_Work instructions:_
Repeat the lines of the data exactly and exclude any picture among them.

[Short web captions]
========================

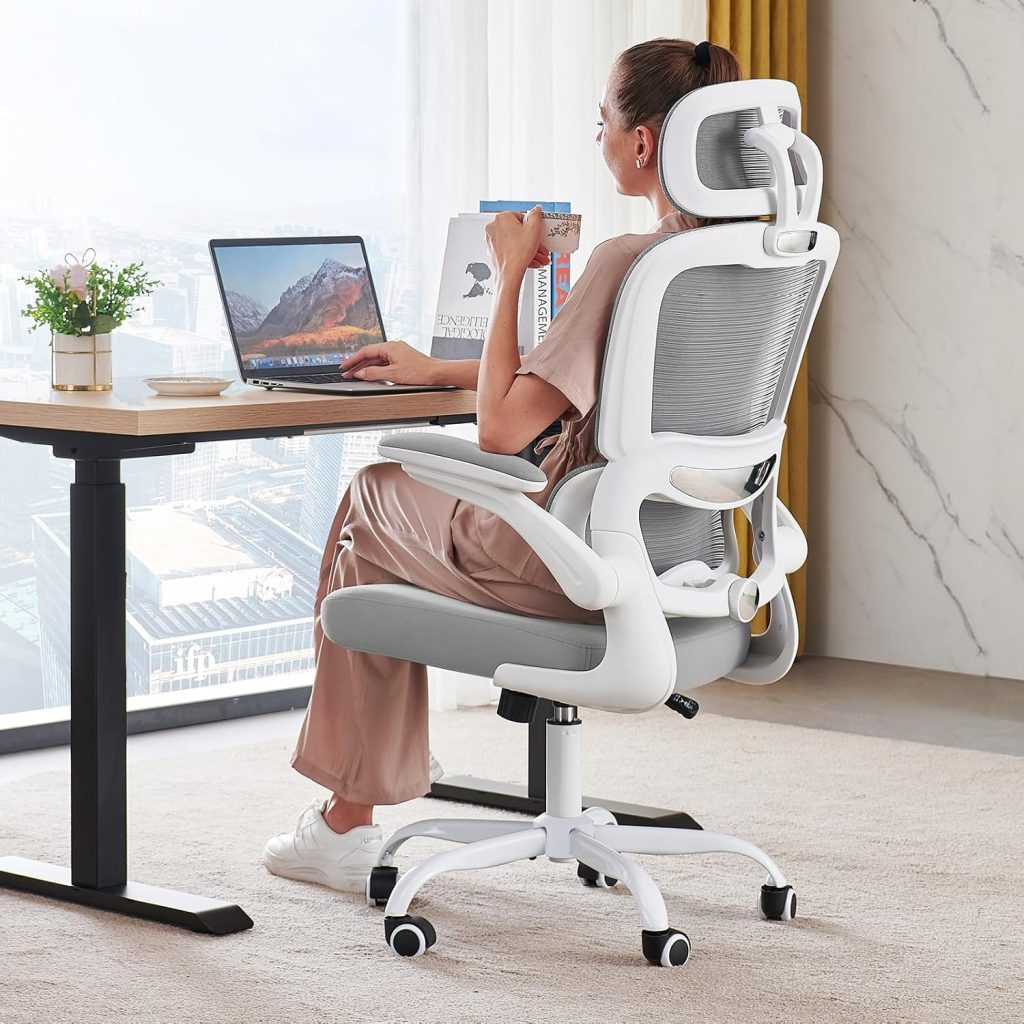 RALT Office Chair Ergonomic Desk Chair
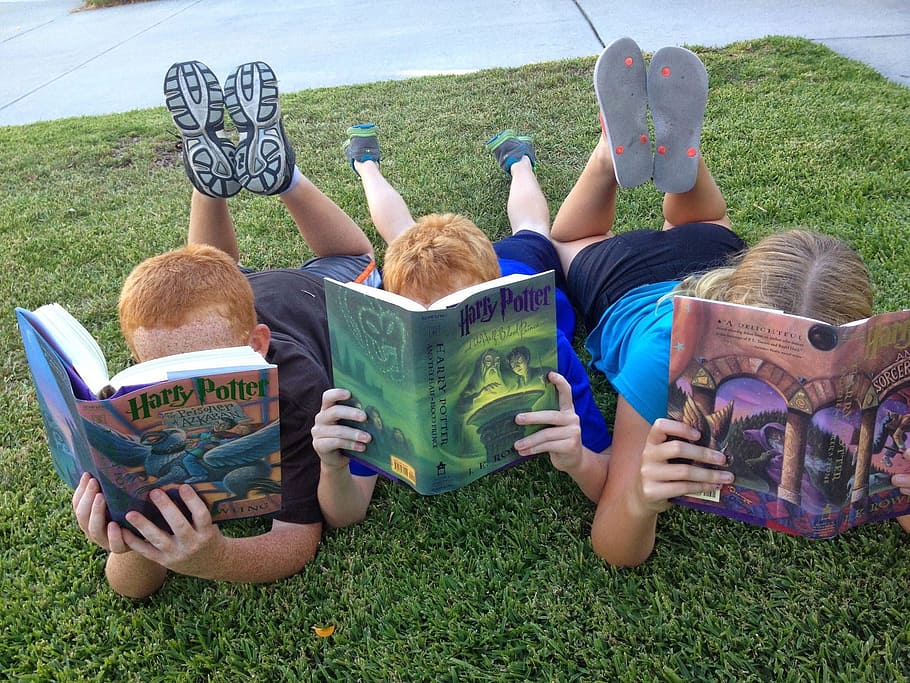 tiga, anak-anak, memegang, harry, buku potter, meletakkan, foto rumput, membaca, buku, anak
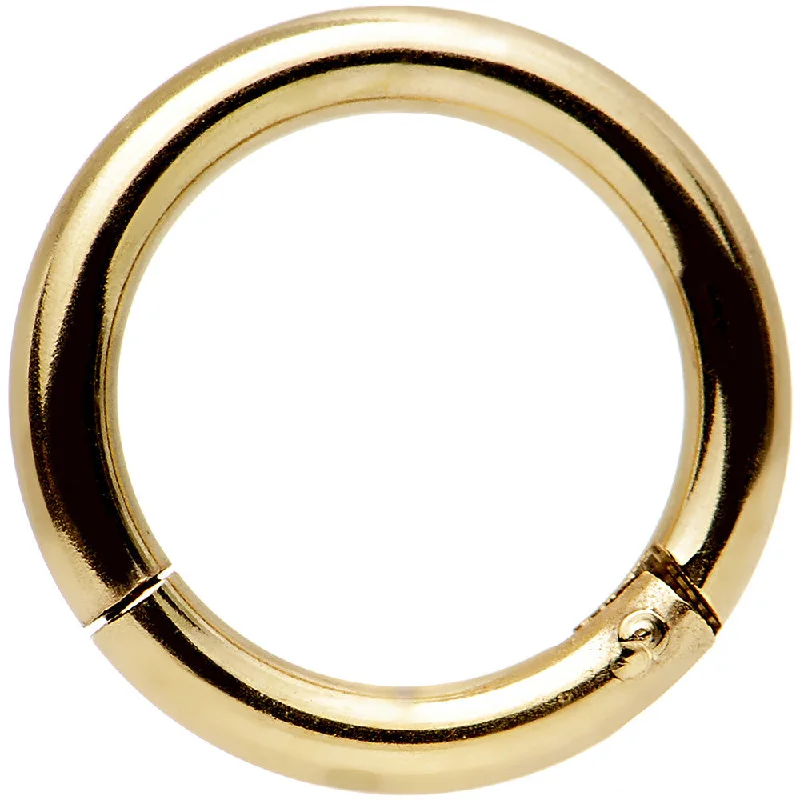 Classic Silver Lip Rings for Simple Appeal14 Gauge 5/16 Gold Tone Anodized Hinged Segment Ring Classic Silver Lip Rings for Simple Appeal14 Gauge 5/16 Gold Tone Anodized Hinged Segment Ring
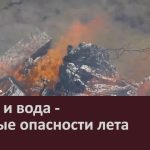 Огонь и вода — главные опасности лета.mp4_snapshot_00.00_[2025.07.16_09.19.11]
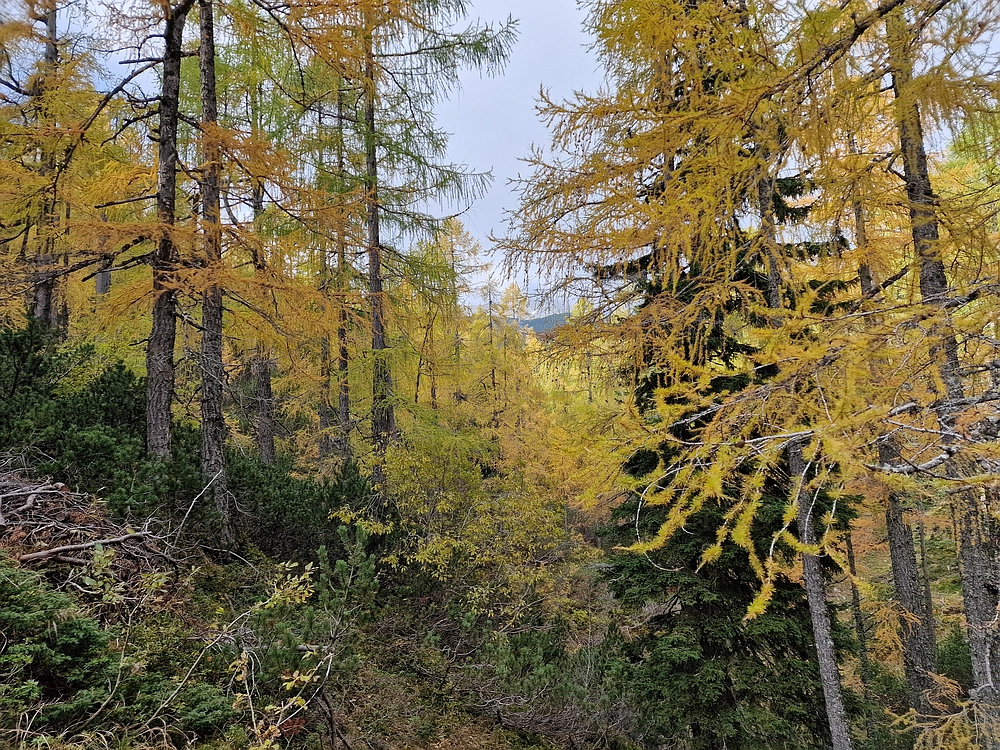 Križevnik, 18. 10. 2025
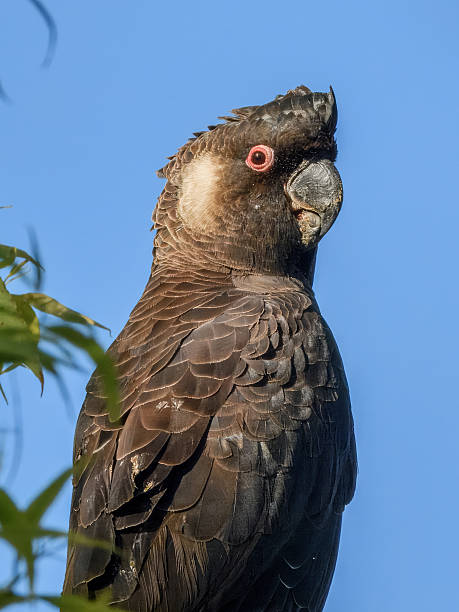 istock Carnaby's Black-Cockatoo (Zanda latirostris) in Australia 2225485907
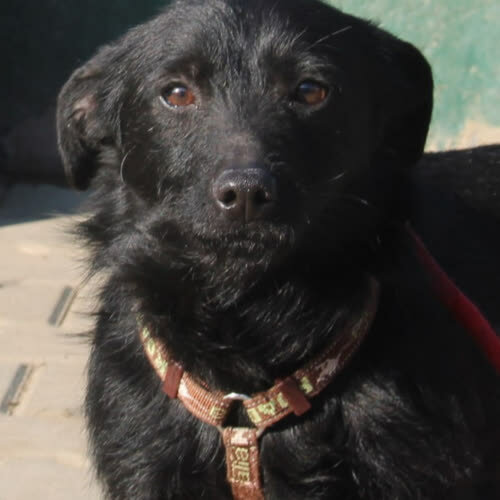 Psy ze schroniska do adopcji Kubuś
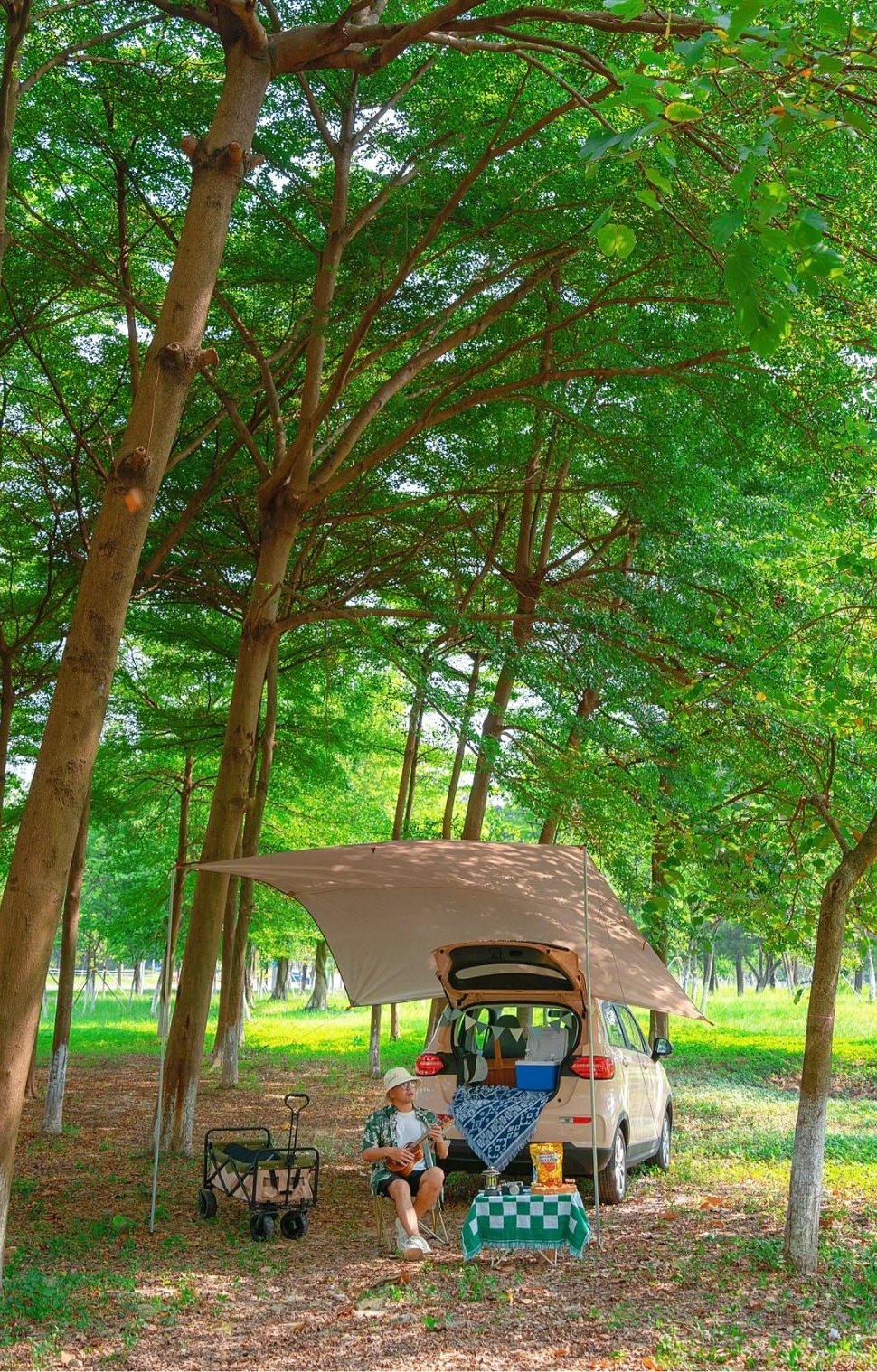 又发现广州小众露营地，下午茶走起🍉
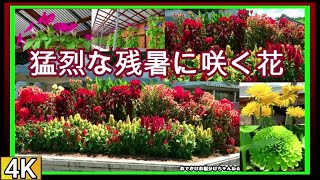 ●4k　2023年　猛烈な残暑に咲く花~その1　【香川県園芸総合センター】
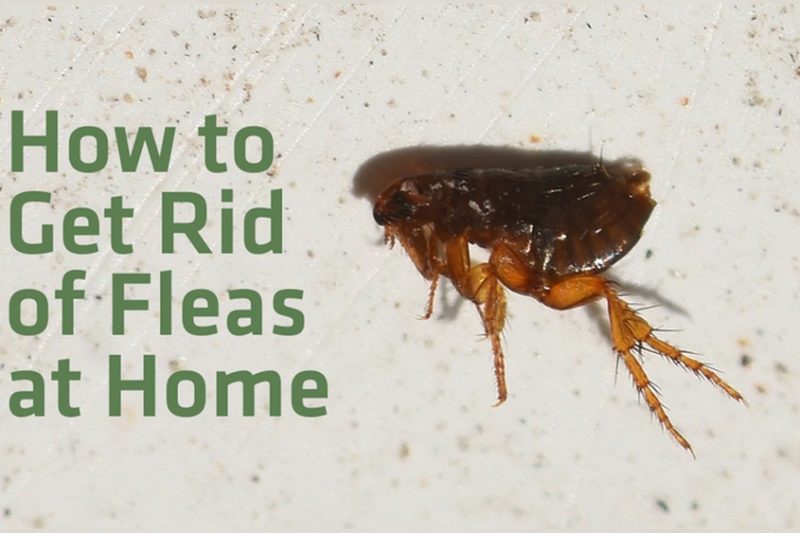 How To Get Rid Of Fleas: Proven Methods for a Pest-Free Home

========================

_Output below:_
 RALT Office Chair Ergonomic Desk Chair
 tiga, anak-anak, memegang, harry, buku potter, meletakkan, foto rumput, membaca, buku, anak
 Classic Silver Lip Rings for Simple Appeal14 Gauge 5/16 Gold Tone Anodized Hinged Segment Ring Classic Silver Lip Rings for Simple Appeal14 Gauge 5/16 Gold Tone Anodized Hinged Segment Ring
 Огонь и вода — главные опасности лета.mp4_snapshot_00.00_[2025.07.16_09.19.11]
 Križevnik, 18. 10. 2025
 istock Carnaby's Black-Cockatoo (Zanda latirostris) in Australia 2225485907
 Psy ze schroniska do adopcji Kubuś
 又发现广州小众露营地，下午茶走起🍉
 ●4k　2023年　猛烈な残暑に咲く花~その1　【香川県園芸総合センター】
 How To Get Rid Of Fleas: Proven Methods for a Pest-Free Home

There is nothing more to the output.